### ASSIGNED TASK
In the records below, begin at the line containing "Jugendstil Glas Karaffe" and end at the line containing "Ardenfield Light Brown"; quote every line in that span exactly, including both boundary lines, and no others.

### GIVEN DATA
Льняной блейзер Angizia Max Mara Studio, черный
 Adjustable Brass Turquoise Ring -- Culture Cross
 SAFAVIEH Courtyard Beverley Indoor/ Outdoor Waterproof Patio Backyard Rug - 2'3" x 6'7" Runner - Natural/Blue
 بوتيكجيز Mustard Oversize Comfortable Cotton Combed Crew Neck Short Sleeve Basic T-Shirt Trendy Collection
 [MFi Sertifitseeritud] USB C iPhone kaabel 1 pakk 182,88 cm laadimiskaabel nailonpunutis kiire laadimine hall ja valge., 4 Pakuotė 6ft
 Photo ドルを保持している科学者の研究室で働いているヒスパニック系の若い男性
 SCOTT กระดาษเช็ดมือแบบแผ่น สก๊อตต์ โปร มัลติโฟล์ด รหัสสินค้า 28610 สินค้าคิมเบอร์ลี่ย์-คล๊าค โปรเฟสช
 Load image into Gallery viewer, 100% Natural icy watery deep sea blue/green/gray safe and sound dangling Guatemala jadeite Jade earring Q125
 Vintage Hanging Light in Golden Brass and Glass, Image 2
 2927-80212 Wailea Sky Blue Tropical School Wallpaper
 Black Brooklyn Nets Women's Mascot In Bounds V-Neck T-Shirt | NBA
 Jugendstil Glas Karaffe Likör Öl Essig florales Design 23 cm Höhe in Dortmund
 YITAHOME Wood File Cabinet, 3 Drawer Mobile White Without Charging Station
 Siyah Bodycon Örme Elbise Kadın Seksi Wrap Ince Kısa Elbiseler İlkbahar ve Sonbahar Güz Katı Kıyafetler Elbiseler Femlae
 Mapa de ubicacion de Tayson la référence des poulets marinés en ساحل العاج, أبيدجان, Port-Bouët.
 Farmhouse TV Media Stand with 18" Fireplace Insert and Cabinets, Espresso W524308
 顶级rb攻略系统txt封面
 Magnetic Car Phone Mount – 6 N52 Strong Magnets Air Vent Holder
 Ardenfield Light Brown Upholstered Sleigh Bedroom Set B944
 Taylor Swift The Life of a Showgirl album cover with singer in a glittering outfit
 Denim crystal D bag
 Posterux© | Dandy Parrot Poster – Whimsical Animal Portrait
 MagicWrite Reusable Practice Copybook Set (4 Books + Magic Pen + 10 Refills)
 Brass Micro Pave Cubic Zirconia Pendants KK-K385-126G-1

### EXERCISE OUTPUT
 Jugendstil Glas Karaffe Likör Öl Essig florales Design 23 cm Höhe in Dortmund
 YITAHOME Wood File Cabinet, 3 Drawer Mobile White Without Charging Station
 Siyah Bodycon Örme Elbise Kadın Seksi Wrap Ince Kısa Elbiseler İlkbahar ve Sonbahar Güz Katı Kıyafetler Elbiseler Femlae
 Mapa de ubicacion de Tayson la référence des poulets marinés en ساحل العاج, أبيدجان, Port-Bouët.
 Farmhouse TV Media Stand with 18" Fireplace Insert and Cabinets, Espresso W524308
 顶级rb攻略系统txt封面
 Magnetic Car Phone Mount – 6 N52 Strong Magnets Air Vent Holder
 Ardenfield Light Brown Upholstered Sleigh Bedroom Set B944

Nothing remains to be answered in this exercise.